塾講・サイバラ・大学祭

学部生の頃、多摩地区の進学塾で「時間講師」のアルバイトをしていた。池袋に本社のある、W中高に強いWという塾である。時給はかなり高く、授業時間外勤務分は無給であり、かつ、それが授業時間よりも長いという実態であったことを差し引いても―現在よく問題にされている慣行である―、なお学部生にとってはありがたい仕事であった。夏期講習だけで学費半年分以上を手にするほどであった。
さて、仕事を始めてから半年ほど経過した頃、新たに「時間講師」Kさんが採用された。僕よりも年上の女性で、これまでも他の進学塾で経験があるということだった。担当科目が同じであったために仲良くなって話しを伺うと、早稲田の一文の4年生であるという。Kさんは事情があって就職活動はしない一方で単位は取り終えているため、しばらくはアルバイトで生活をするとのことだった。かなりたくさんのコマ数を入れて、塾内でも高給を貰う立場になっていたはずだ。
そんなある日、通っていた大学の学園祭に西原理恵子スペシャルゲストとして来ることになった。学園祭は2種類あって、それはとても冴えない方のお祭りだった。前期課程の1、2年生が通う私鉄沿線のキャンパス―正式名称は分校―で行われるもので、そのお祭りに集まるのはその大学の1年生―男子学生が8割ほど、学部によっては9割5分以上―と近所の小学生だけとイベントである。最近では日本一美味しくない学食が存在したという話題がネットで繰り返されることで有名になったのでご存知の方もいるかもしれない。数年後には取り壊しされることがほぼ決まっていたため行われる補修は最低限で、雨漏り、床の落下、壁の剥がれ、机の故障などが酷かった。近所には女子大があったものの、そこの学生はもう1つの方のオサレなキャンパスで開かれるイケメソ上級生が集う学園祭に行くだけなのだ。

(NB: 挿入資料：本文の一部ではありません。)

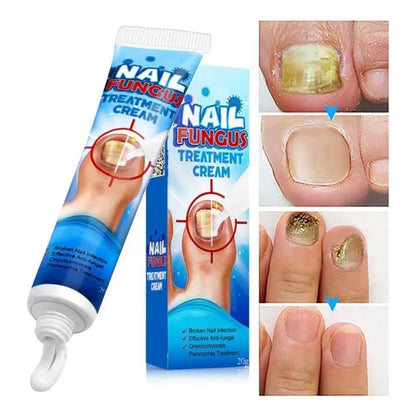 Crema para Hongos en Uñas y Pies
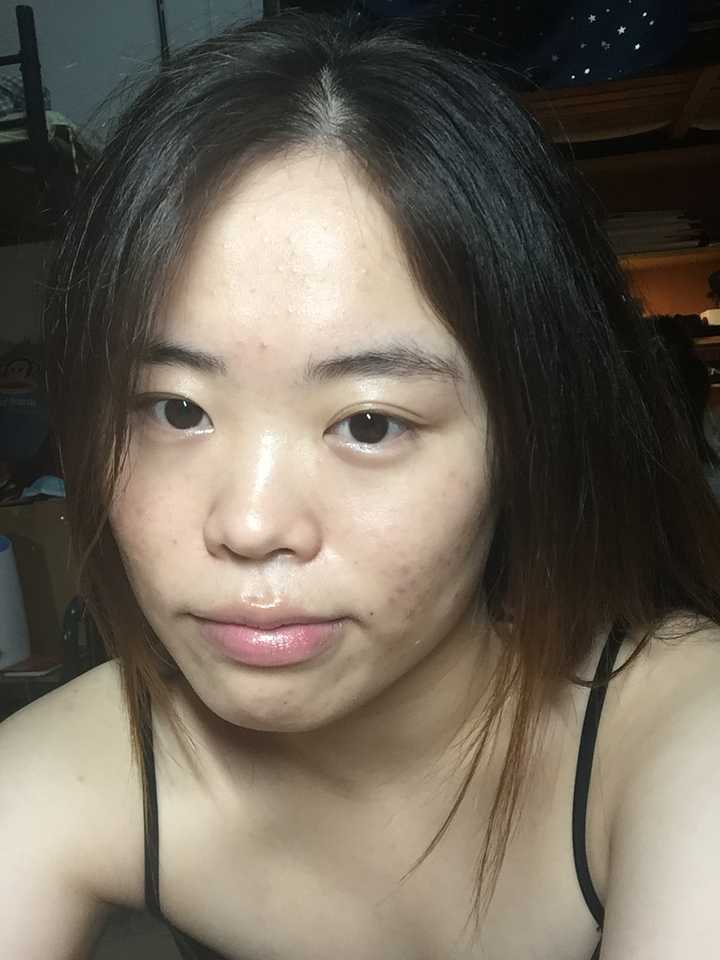 明明脸长的很精致,身材没的说,却总有冒不完的痘痘(各种痘)是一种什么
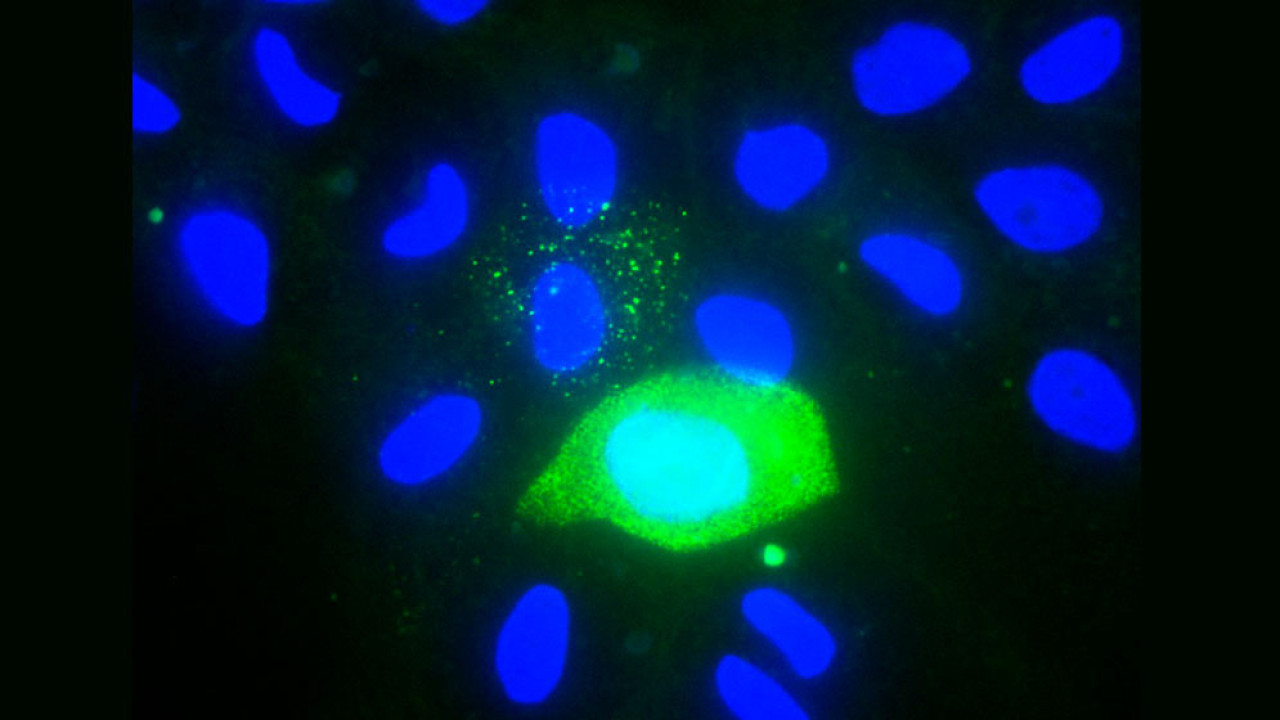 Inmunofluorescencia de células caninas infectadas. Foto: Danilo Bucafusco vía Conicet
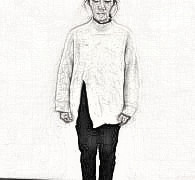 南京维多利亚刘光伟介绍 大腿吸脂60天前后图分享
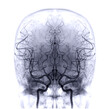 Cerebral angiography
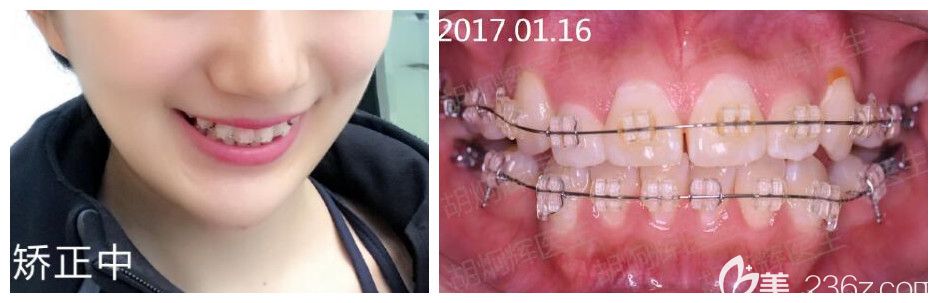 找胡炯辉做虎牙矫正快4个月效果 找胡炯辉做虎牙矫正快4个月效果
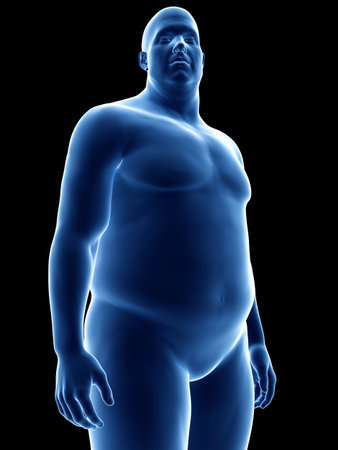3d rendered medically accurate illustration of an obese manの写真素材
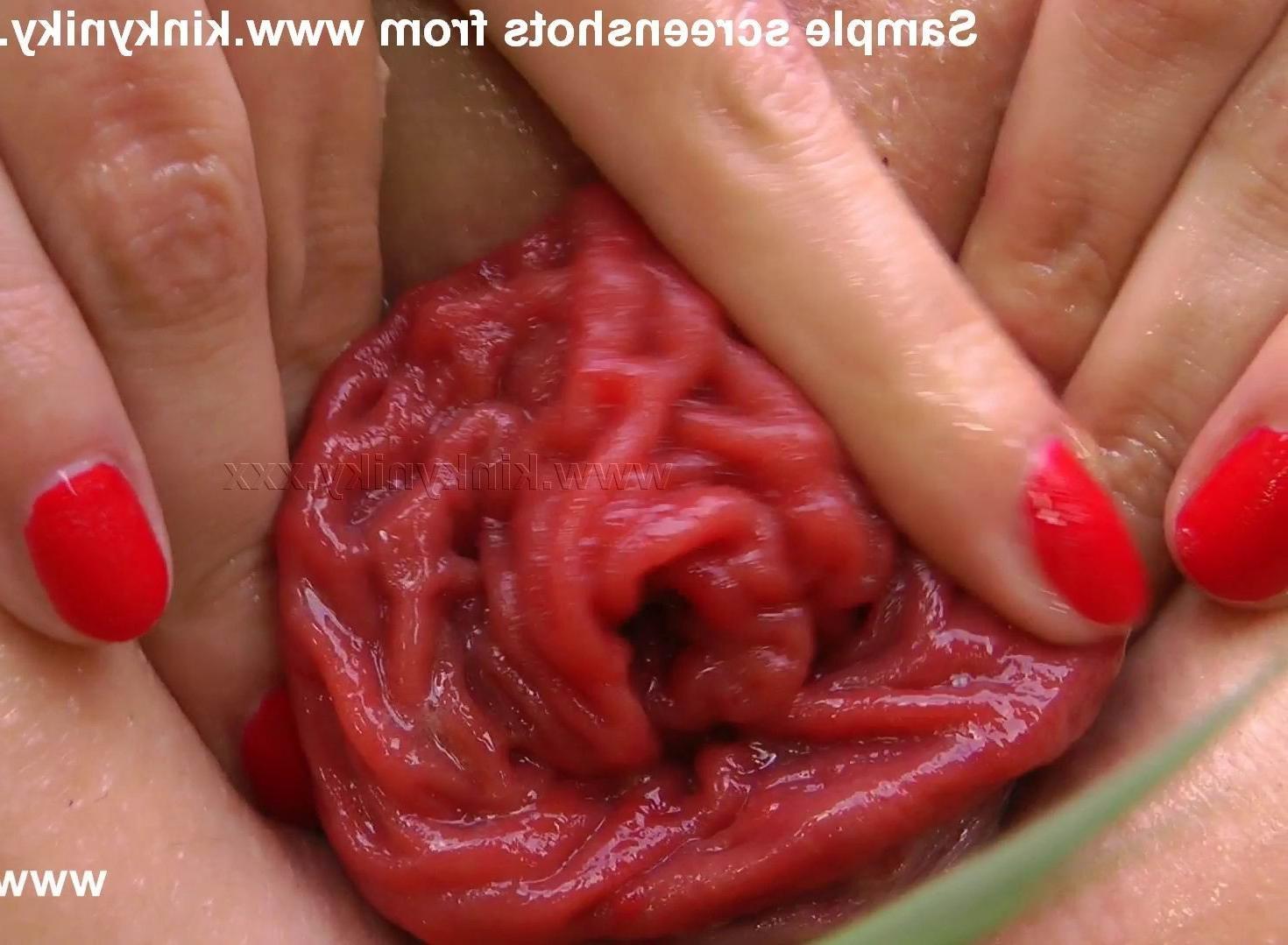 16P extreme anal fisting and anal prolapse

塾での勤務時に、そんなことを冗談交じりにKさんに話してみた。今でいうワンチャンとかではなく世間話しとしてである。すると、Kさんは思いの外、西原理恵子に飛びついた。以前からファンであるので、是非行きたいというのである。ただ、そのものがなしいキャンパスのことはまったく知らず、場所も行き方もわからないという。まさかのワンチャンなのかと思ったものの、Kさんは一人でなんとか行ってみると強く主張する。実のところ、西原理恵子にもKさんにもそれほど思い入れがあるわけではなかったので、そのときこの話題はすぐに終わりになった。後日、Kさんに学園祭当日のことを尋ねてみたところ、西原理恵子にサインまで貰って楽しかったとのことであった。早稲田の学園祭にも西原理恵子を呼べばいいのにと言っていた。





さて、もう何年も経ったので言っていいだろう。この学園祭の約1年後、ある嘘に気づかされることになった。同じ「時間講師」のIさんから「ニノミヤくん、ずっとウソつかれてたよ。もうおかしくって、今日は黙っていられない」と笑いながら打ち明けられるのである。そのIさんは日吉の塾高出身、慶應法学部3年生で、僕がその塾でお世話になったひとの一人である。卒業後は大手広告代理店に就職することになるほど優秀で、しかも親切だった。東京における男子の所作を懇切丁寧に教えてくれて、僕は必死で学んだのだ―ほとんど身に付かなかったけれども。ともあれ、残業をしていて終電を逃した深夜の暇つぶしに広辞苑を使って「たほいや」を遊んでいたときに知らされた事実であった。今でももっと早く教えてくれればよかったのに、と思う。
何がウソだったのか。Kさんは実は同じ大学に通っていたのである。そして、そのKさんはその後漫画家としてデビューすることになり、テレビのワイドーショーでも活躍するようになった。メディアでお見かけする度に、このことを思い出す。